== DATA TO PROCESS
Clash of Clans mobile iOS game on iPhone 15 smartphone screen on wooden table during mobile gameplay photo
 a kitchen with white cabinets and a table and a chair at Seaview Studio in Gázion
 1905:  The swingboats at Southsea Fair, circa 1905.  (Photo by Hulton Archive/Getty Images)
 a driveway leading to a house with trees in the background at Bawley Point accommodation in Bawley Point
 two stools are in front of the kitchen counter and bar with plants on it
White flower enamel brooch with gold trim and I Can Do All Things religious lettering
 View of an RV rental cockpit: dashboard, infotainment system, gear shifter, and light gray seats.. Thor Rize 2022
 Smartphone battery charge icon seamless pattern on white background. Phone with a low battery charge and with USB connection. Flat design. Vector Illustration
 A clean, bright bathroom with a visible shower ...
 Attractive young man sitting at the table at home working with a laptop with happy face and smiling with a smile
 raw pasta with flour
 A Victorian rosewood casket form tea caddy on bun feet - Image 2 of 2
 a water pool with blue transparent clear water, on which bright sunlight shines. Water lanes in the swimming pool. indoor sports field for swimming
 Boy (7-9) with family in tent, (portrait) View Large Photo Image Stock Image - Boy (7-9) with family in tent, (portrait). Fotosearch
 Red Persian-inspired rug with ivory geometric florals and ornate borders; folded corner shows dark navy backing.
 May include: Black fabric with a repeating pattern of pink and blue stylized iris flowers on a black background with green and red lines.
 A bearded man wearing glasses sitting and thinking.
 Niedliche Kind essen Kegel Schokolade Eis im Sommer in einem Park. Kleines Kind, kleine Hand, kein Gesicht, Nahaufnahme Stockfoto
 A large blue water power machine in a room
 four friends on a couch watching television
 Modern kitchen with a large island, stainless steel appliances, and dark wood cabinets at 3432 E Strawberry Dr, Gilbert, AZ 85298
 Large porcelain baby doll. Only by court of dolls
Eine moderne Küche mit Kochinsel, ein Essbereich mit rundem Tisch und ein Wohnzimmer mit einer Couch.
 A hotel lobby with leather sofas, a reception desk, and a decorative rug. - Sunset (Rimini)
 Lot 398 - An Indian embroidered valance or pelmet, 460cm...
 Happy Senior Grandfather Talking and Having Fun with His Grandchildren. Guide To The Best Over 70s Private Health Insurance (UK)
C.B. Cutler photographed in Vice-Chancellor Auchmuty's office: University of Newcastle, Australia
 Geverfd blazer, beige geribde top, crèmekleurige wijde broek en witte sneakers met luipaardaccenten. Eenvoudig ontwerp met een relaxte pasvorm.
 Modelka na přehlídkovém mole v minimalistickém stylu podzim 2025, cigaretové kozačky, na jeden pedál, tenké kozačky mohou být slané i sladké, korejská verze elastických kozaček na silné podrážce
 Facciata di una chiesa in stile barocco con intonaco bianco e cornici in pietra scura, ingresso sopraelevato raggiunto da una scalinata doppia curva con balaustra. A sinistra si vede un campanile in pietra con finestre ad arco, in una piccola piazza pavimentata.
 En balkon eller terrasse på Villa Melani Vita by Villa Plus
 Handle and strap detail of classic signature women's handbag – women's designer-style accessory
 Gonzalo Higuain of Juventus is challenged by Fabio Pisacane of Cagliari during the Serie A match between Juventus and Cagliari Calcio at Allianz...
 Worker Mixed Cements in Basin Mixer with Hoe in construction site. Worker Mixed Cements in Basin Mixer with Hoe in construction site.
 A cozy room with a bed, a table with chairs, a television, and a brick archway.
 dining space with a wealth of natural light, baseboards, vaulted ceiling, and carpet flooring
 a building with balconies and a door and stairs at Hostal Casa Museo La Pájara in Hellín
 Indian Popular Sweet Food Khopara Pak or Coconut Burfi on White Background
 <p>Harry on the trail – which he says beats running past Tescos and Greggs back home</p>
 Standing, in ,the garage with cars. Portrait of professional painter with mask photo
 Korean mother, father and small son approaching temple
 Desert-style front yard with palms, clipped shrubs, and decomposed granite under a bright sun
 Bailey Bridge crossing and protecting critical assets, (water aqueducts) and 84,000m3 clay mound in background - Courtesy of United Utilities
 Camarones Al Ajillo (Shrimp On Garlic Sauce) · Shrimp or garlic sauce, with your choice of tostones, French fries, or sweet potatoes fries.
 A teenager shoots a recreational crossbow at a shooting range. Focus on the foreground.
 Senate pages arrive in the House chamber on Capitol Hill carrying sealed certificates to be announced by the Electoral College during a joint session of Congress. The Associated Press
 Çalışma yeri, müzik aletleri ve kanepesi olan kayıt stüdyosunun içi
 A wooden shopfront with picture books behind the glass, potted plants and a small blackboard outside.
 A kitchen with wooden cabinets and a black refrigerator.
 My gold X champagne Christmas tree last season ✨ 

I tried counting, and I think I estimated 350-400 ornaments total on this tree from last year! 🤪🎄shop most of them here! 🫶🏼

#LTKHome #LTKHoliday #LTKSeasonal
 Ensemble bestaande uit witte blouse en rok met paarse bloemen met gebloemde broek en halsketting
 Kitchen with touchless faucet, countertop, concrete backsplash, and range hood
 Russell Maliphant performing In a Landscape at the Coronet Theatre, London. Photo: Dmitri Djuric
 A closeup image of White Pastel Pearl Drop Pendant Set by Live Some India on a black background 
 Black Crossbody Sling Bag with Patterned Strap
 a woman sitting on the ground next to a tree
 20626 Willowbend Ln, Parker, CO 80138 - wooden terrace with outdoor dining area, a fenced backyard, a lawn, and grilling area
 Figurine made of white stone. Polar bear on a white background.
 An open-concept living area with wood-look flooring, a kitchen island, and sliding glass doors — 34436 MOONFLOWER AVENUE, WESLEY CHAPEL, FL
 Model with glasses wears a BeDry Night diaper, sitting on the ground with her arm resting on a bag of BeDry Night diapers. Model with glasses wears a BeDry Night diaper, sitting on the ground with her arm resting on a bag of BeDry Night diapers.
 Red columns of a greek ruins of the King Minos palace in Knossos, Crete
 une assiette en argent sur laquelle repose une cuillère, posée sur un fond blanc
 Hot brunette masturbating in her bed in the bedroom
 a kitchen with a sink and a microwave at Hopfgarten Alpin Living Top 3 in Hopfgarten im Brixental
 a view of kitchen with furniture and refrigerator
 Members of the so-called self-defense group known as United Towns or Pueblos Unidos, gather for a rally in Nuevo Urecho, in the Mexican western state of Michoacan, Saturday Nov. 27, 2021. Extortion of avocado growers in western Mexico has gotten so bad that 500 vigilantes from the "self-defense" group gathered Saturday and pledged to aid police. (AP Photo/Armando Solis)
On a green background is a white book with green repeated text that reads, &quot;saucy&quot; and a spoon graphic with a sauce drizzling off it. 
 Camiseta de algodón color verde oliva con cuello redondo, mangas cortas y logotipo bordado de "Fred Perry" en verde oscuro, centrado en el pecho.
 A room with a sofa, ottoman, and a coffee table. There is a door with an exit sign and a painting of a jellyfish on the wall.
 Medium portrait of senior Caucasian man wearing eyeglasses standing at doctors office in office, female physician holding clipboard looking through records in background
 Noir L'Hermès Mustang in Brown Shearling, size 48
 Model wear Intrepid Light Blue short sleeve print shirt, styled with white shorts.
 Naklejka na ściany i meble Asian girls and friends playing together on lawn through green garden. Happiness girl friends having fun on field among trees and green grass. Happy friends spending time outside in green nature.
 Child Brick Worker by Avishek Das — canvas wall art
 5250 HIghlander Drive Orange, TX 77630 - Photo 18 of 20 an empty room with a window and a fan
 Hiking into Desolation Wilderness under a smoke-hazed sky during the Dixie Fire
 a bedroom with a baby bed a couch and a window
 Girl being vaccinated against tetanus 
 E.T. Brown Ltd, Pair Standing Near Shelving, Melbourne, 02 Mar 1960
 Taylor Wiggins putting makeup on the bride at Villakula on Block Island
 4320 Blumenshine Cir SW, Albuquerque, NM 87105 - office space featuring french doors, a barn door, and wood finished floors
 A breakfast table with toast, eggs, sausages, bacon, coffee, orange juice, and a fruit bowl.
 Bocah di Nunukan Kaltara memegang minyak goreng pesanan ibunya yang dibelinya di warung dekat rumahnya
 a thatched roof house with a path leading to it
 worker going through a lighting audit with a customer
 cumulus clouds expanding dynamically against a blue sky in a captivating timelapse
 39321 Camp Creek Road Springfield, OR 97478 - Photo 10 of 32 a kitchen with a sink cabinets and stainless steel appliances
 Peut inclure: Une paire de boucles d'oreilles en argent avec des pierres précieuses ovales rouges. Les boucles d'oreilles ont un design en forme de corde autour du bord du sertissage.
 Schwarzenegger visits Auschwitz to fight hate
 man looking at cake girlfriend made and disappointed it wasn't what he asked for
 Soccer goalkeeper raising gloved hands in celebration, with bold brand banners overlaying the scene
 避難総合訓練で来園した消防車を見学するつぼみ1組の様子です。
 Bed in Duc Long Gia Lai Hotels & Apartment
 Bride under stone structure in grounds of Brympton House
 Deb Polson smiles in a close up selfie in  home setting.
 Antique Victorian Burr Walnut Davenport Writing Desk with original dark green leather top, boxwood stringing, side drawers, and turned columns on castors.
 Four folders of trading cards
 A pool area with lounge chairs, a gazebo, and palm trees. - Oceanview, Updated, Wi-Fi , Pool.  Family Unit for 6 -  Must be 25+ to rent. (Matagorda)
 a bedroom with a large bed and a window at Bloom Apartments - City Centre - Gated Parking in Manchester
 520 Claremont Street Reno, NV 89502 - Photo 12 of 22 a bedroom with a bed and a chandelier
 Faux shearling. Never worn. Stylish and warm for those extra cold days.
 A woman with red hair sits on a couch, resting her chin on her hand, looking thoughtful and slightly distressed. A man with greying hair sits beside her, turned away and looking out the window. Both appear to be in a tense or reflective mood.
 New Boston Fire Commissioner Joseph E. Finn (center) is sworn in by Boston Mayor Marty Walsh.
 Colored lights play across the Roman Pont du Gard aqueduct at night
====
Print exactly the lines above, between the one holding "a driveway leading" and the one holding "White flower enamel", inclusive, and nothing besides.

 a driveway leading to a house with trees in the background at Bawley Point accommodation in Bawley Point
 two stools are in front of the kitchen counter and bar with plants on it
White flower enamel brooch with gold trim and I Can Do All Things religious lettering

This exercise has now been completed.